L.A. Kings look to make a statement on crucial road trip vs. Cup contenders


LOS ANGELES — When Mikey Anderson struck with a rare snipe off a rush, the Los Angeles Kings went ballistic at the sight of their low-scoring defenseman beating decorated Tampa Bay goalie Andrei Vasilevskiy as if he was an All-Star forward.

Vladislav Gavrikov later charged up the ice in overtime to snap a winner by Vasilevskiy, giving the Kings another key win and an emotional uplift heading into their final road trip of the regular season.

The upcoming trip can help define what kind of threat the Kings could be in the postseason as they continue their push to lock down a spot. Vancouver, Edmonton, Calgary, Winnipeg — three of those clubs are potential first-round opponents or, the Kings surely hope, could meet L.A. in a later round.

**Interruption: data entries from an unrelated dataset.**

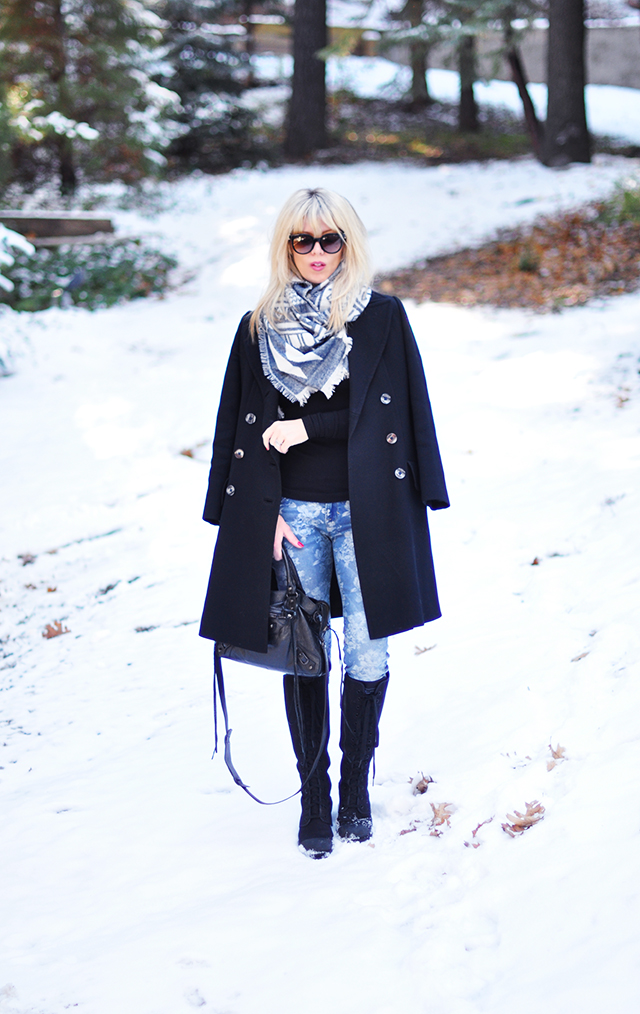 Black and blue outfit in the snow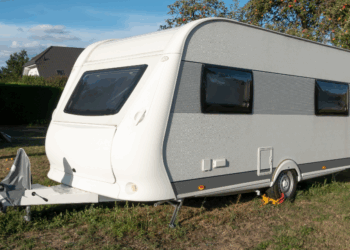 Martin (54) heeft ruzie met zijn buurman: “Hij wil zijn caravan niet verwijderen en ik moet er elke dag tegenaan kijken!”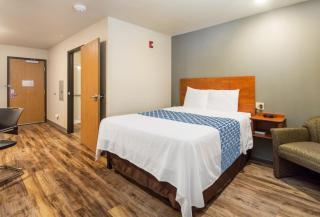 Econo Lodge Burlington I-70 - 4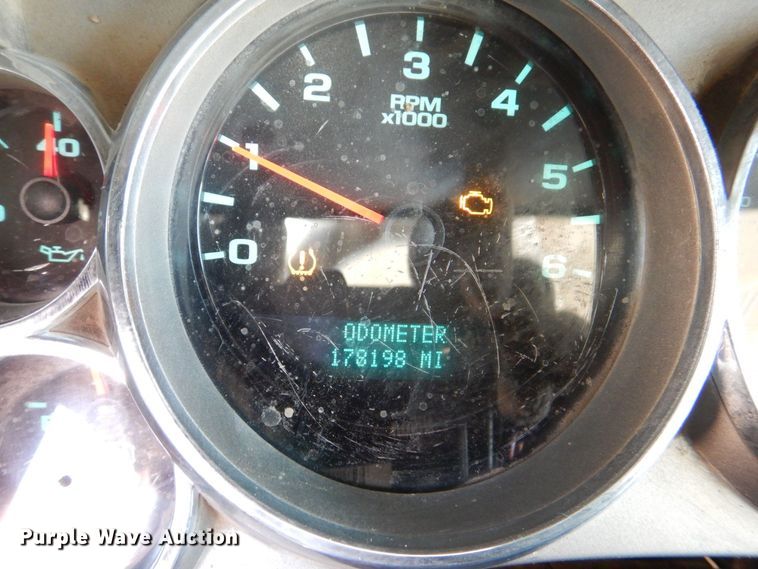 image for item DR4509 2013 Chervolet Silverado 2500HD  Ext. Cab pickup truck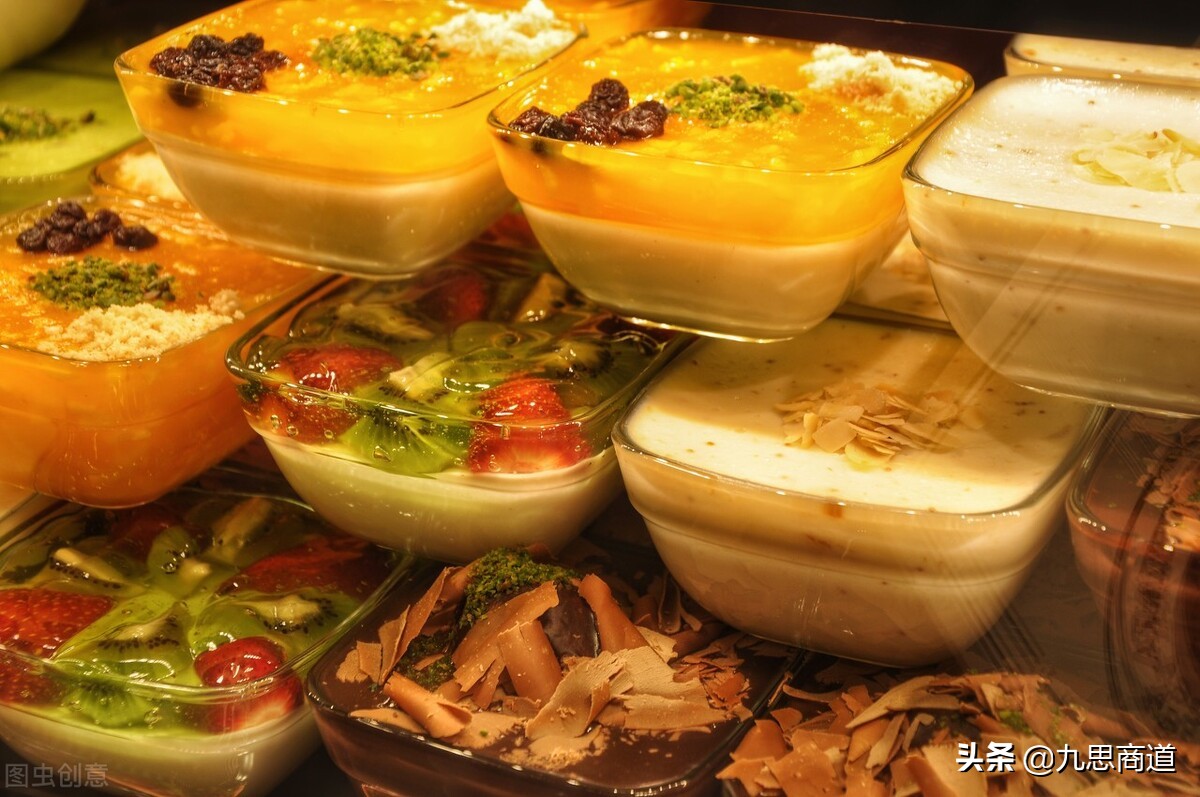 95后美女开蛋糕店，巧妙利用这2招，14天内吸引近1100名会员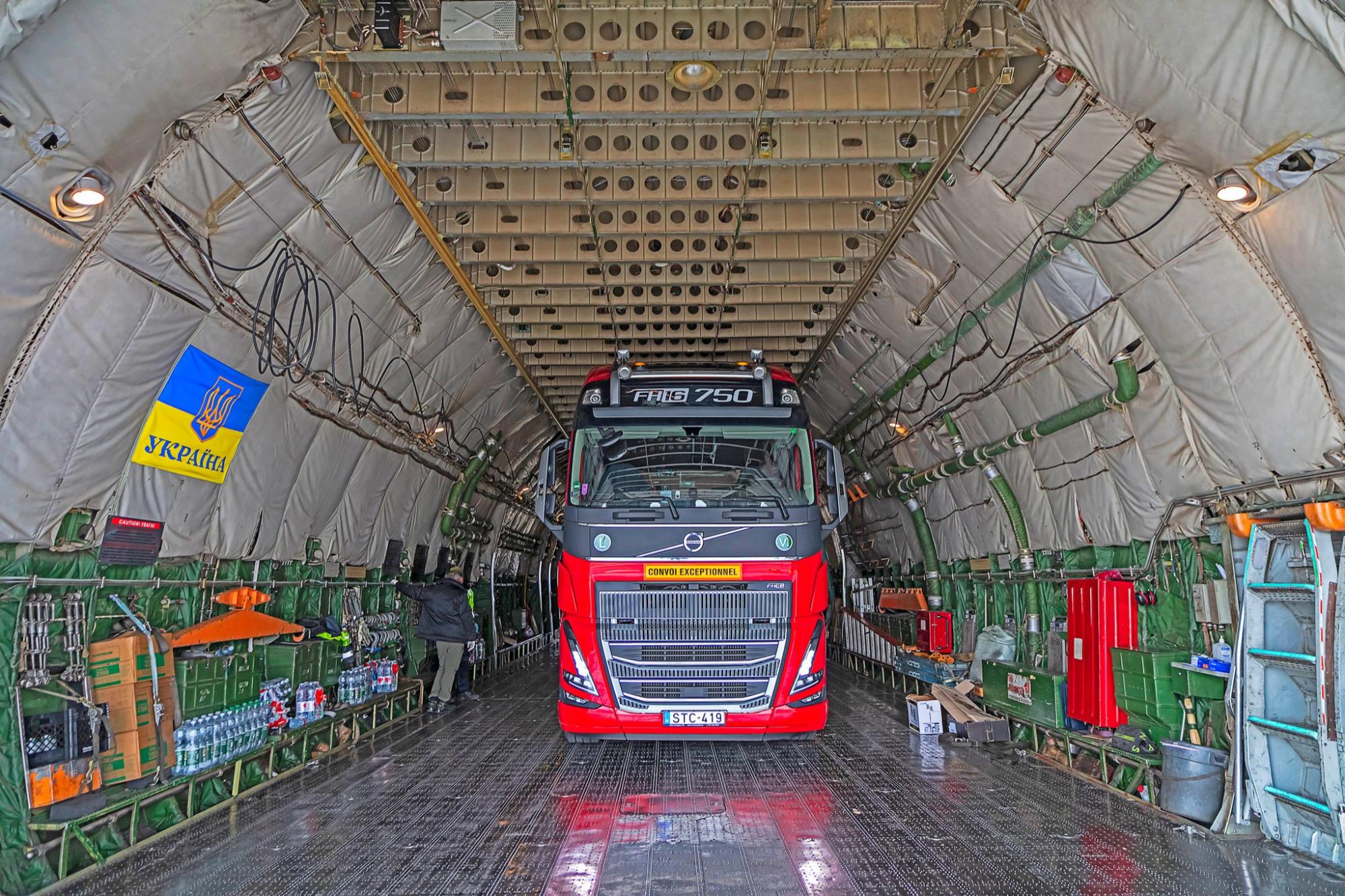 Из Европы в Африку. В ГП "Антонов" рассказали, как выполняют рейсы во время войны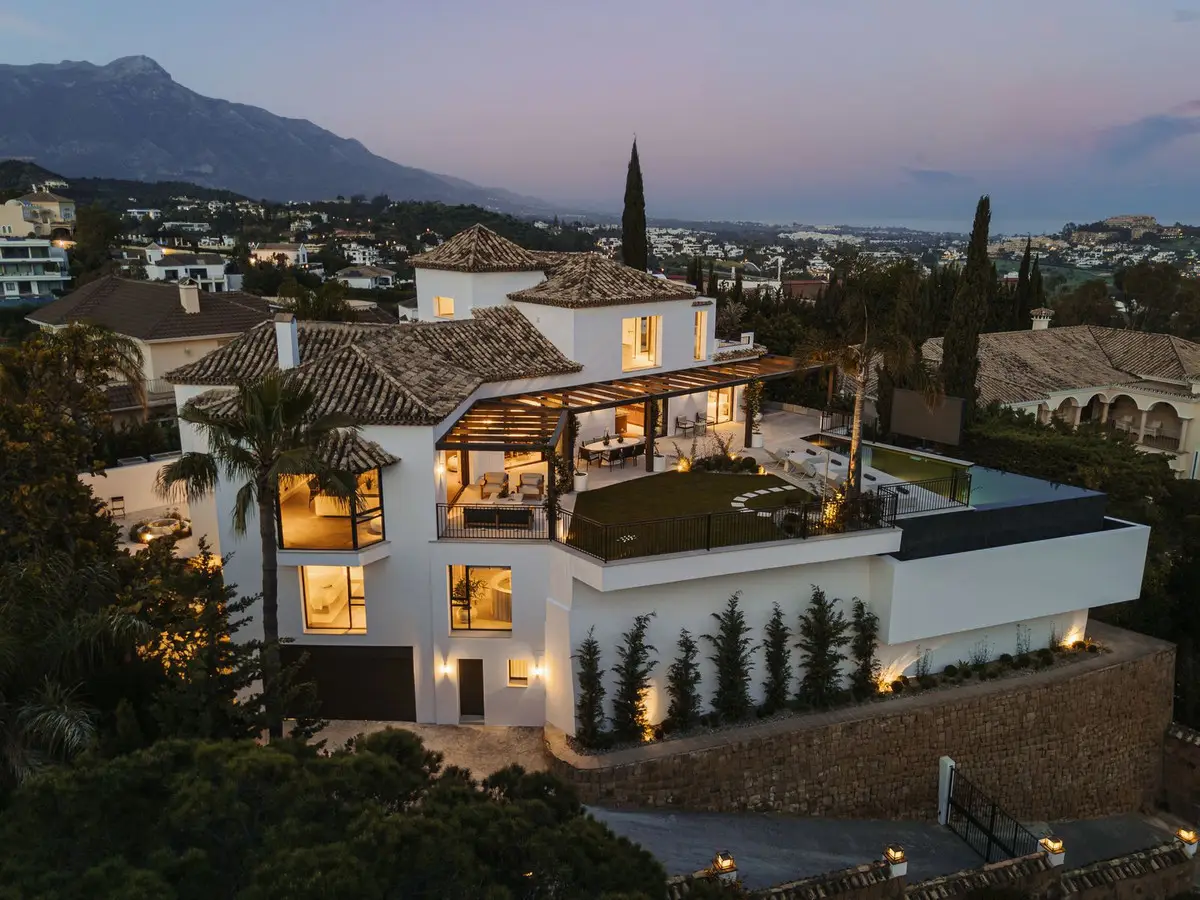 Detached Villa for sale in Benahavís — photo 1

It doesn’t hurt that the Kings head into Monday’s game against the Canucks — kicking off a set of playoff-style contests — having swept their homestand.

“We got a lot of big games coming up on this road trip,” Quinton Byfield said following the Kings’ 4-3 win over the Lightning on Saturday. “A lot of intra-conference matchups. It was a good test for us just to see how we match up. You know, they’ve won Stanley Cups over there. They know what it takes.”

Only Anze Kopitar, Drew Doughty and Trevor Lewis on this Kings club truly know what it takes to be the last team standing. Viktor Arvidsson and Phillip Danault have an idea, as they got to the Cup Final with Nashville and Montreal, respectively. But the Kings’ big-splash imports of the last two summers, Kevin Fiala and Pierre-Luc Dubois, have never been close. Neither have fellow core guys like Anderson, Adrian Kempe and Trevor Moore or the current youngsters led by Byfield, who has become just as important as the aforementioned.

It’s always been a time-to-prove-it season for the Kings, one in which a mere playoff appearance is not a high point like it was two years ago, or in which a bad January carried the consequences of veteran coach Todd McLellan, who guided them through the rebuild and led them out of it, losing his job. This trip offers a chance to send a message to those other would-be Cup contenders and the hockey world that the Kings won’t just be a chore to deal with in the postseason, but a team that should be considered an equal.

Interim coach Jim Hiller has said teams pushing to lock up spots are already in a playoff mindset and his should be such. In an empty Kings locker room, apart from team staffers and a media throng, Anderson sure sounded like he was in playoff mode.

“Right now, I think we’re just taking it a game at a time,” he said. “You got to worry about each night. All the points are so important now so it’s taking care of business at hand. Worry about one and then once that one’s over, we start worrying about the next.”

Playing a team like the Lightning allowed the Kings to raise their internal bar. Wins over Chicago and Minnesota to start the week continued L.A.’s turnaround at home after months of uneven play on their own ice. A record-breaking start to their road schedule powered the Kings into the playoff position they’ve held virtually all season, but they’ve seemed to have remedied their issues at Crypto, going 9-2-1 since the All-Star break.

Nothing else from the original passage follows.